The first step to making your membership business better is knowing where you can improve, that’s where key performance indicators (KPI’s) come into play. KPI’s are measurable metrics, used to evaluate your business goals, objectives, and overall performance.
If you’re looking for actionable and measurable ways to grow your business, this post is for you.
Member churn rate
Understanding your member churn rate is valuable because it has a direct effect on your service’s profitability. If you’re looking to grow your business, your rate of member acquisition should exceed your rate of member loss.
Industry benchmarks for subscription based businesses show the average churn rate of a healthy business to be around 6.7% annually, the window being between 5-7%. A high churn rate is an indication that you should implement strategies to make your membership “stickier”.
Use member surveys to decrease churn
HubSpot recently wrote an article on actionable ways to decrease your churn rate. One of the ideas they mention is asking customers for feedback often.

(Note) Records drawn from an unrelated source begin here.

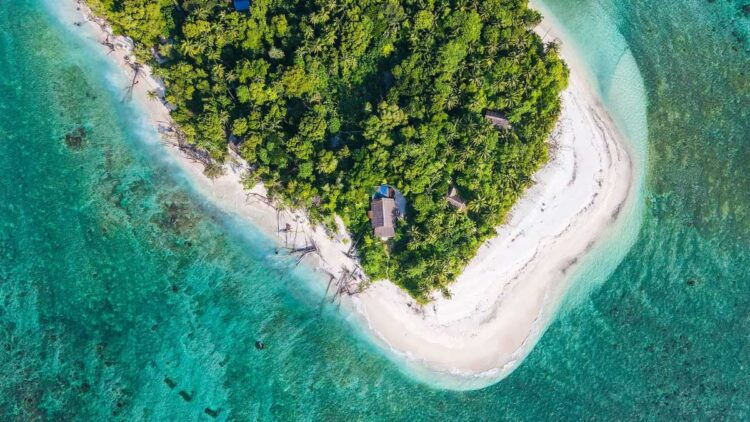 Foto yang menangkap momen emosional dalam berita tentang Togat Nusa Retreat.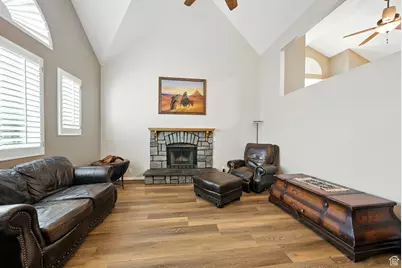 2343 W Temple View Cir, South Jordan, UT 84095 - Photo 5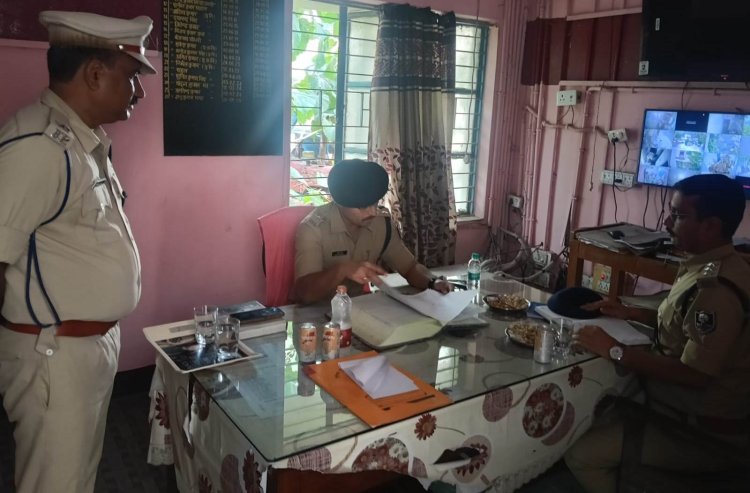 मुफस्सिल थाने में एसपी का औचक निरीक्षण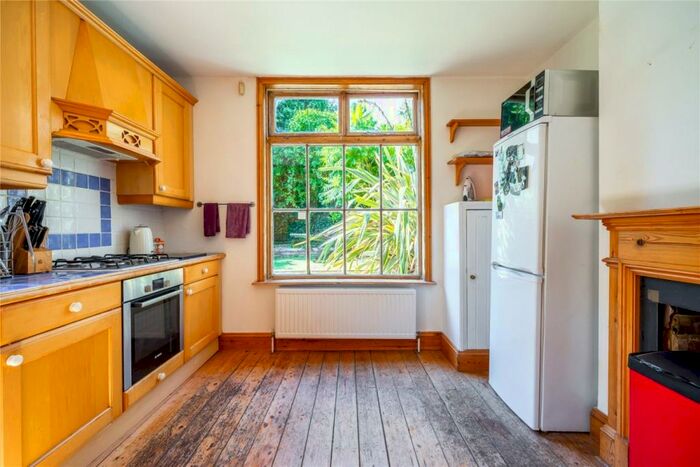 2 Bedroom Maisonette To Rent In Alexandra Gardens London, N10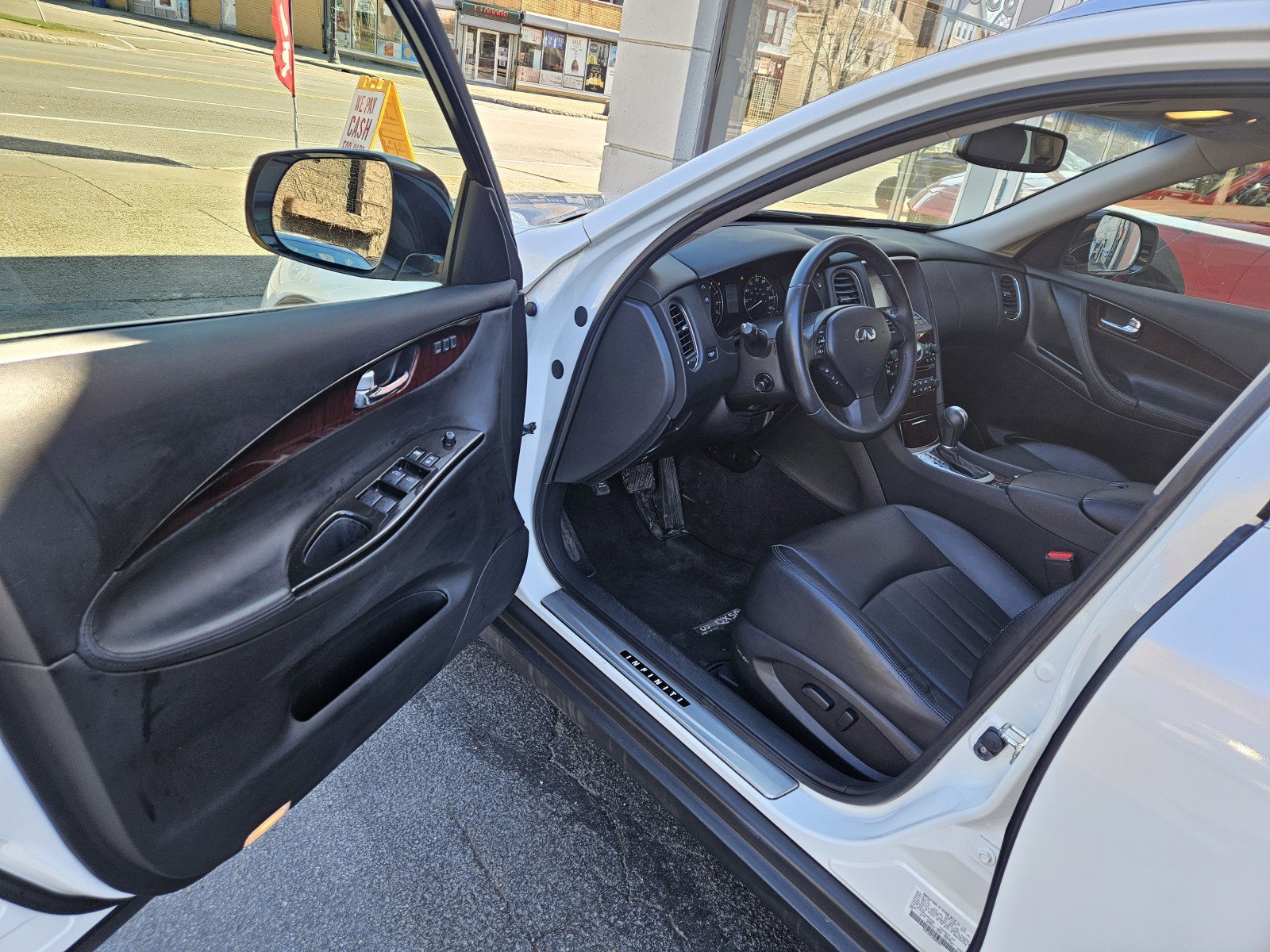 Used 2016 INFINITI QX50 AWD w/ Premium Plus Package image 23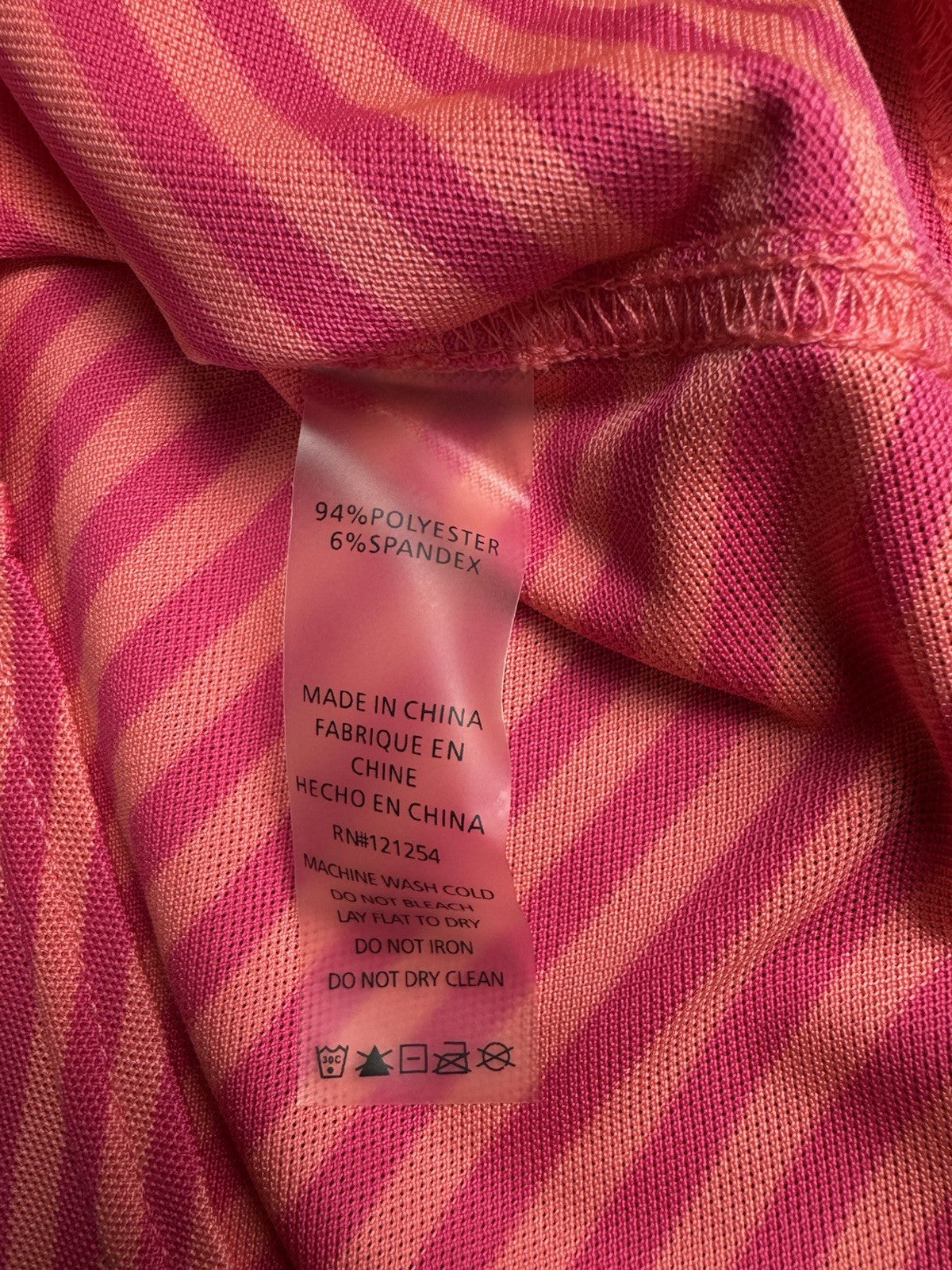 Puma Women’s Golf Shirt Sz S.   (B.174)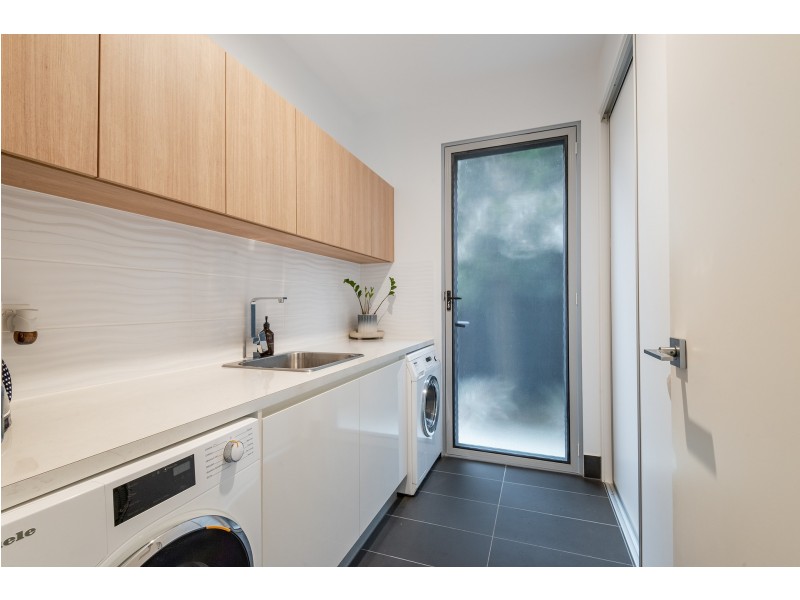 11 Blue Gum Road, Noosa Heads QLD 4567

If your membership site has a high churn rate, consider sending a regular survey to your members. Ask them what they find most valuable about their membership. Then, leverage that member feedback to drive down your churn rate.
How we calculate churn
To calculate your member churn rate, divide paying members lost in the last 30 days by paying members 30 days ago, then multiply that number by 100. With Memberful, we consider the following events to be a paying member loss:
- 100% coupon assigned to a subscription
- Subscription deactivation
- Subscription deletion
- Member deletion
Only members with a subscription to a recurring plan are considered as paying members. This means members who make a one-time payment or a fixed number of payments are excluded from our churn calculations.
It's also important to note that for plans that renew annually, we don't start calculating churn until 1 year passes
Think of the lifetime value (LTV) of your members as the net amount of a customer contributes over the lifespan as a customer. This metric shows you what your customer is “worth” to your company, while also informing how much you can reasonably spend on acquiring customers.
For example, if your average member pays $100 a year over a three year period, your average LTV is $300. So, if you want to have a profit margin, it makes sense to spend less than $300 to acquire that customer.
Rewarding member loyalty
Research has found that just a 5% increase in customer retention can increase profits by 25% to 95%. The same study found that it costs six to seven times more to gain a new customer than to keep an existing one.
Try rewarding member loyalty through discounts, early access, exclusives and partnerships. This can help you increase customer retention, and in turn, profitability and LTV.
How we calculate LTV
We calculate LTV by dividing average monthly recurring revenue per member by member churn rate.
Monthly recurring revenue
Monthly recurring revenue or MRR is a crucial metric when it comes to businesses that run on renewable subscriptions because once you acquire a new subscriber, you can rely on recurring revenue and worry less about one-off sales.
MRR is one of the most significant indicators when it comes to the health of your membership business because being able to forecast next month’s revenue makes it possible to make informed sales and marketing decisions that impact the trajectory of your businesses growth.
Adjust your pricing model
There are multiple ways to increase your MRR, for example, Mention successfully tripled their MRR in just one year by implementing multiple marketing strategies, one of which was adjusting their pricing model.
They got rid of their ‘free plan’ in order to change the perceived value of their offering, and added an ‘enterprise’ level plan that fits the needs of larger companies.
Once implemented, these strategies resulted in an average 296% increase in revenue per account.
How we calculate MRR
To find MRR, you multiply the number of customers by the average billed amount.
We calculate MRR for each standard plan and/or Date-based plan for the whole site and normalize this metric for non-monthly plans. For example, if you have an annual plan which costs $120 a year we add $10 to MRR.
Average monthly recurring revenue per member
Knowing the average monthly recurring revenue per member can serve as benchmark for your business, giving you the ability to project member and revenue targets.
To find average monthly recurring revenue per member, we divide the average monthly recurring revenue by the number of paying members.
Focus on customer worth
You can use the average monthly recurring revenue per member metric similarly to how you implement MRR for your business, but with more focus on individual customer worth.
For example, if you're a publication requesting audience supportand you know that you'll need $180,000 annually, you would need 3,000 subscribers paying an average monthly recurring revenue of $5 month.
How we calculate monthly recurring revenue per member
We only take standard and Date-based plans into account with this metric. So if a member has a 100% recurring coupon, they would be excluded from this metric.
Conclusion: membership metrics - make it actionable
Each individual metric is like a puzzle piece that adds up to the entire image of what your membership business should focus on to grow; but remember, data has no real value unless you do something with it.
Metrics are outputs, not inputs, and impacting your membership business’s controllable inputs are what will help you not only improve your KPI’s but also grow.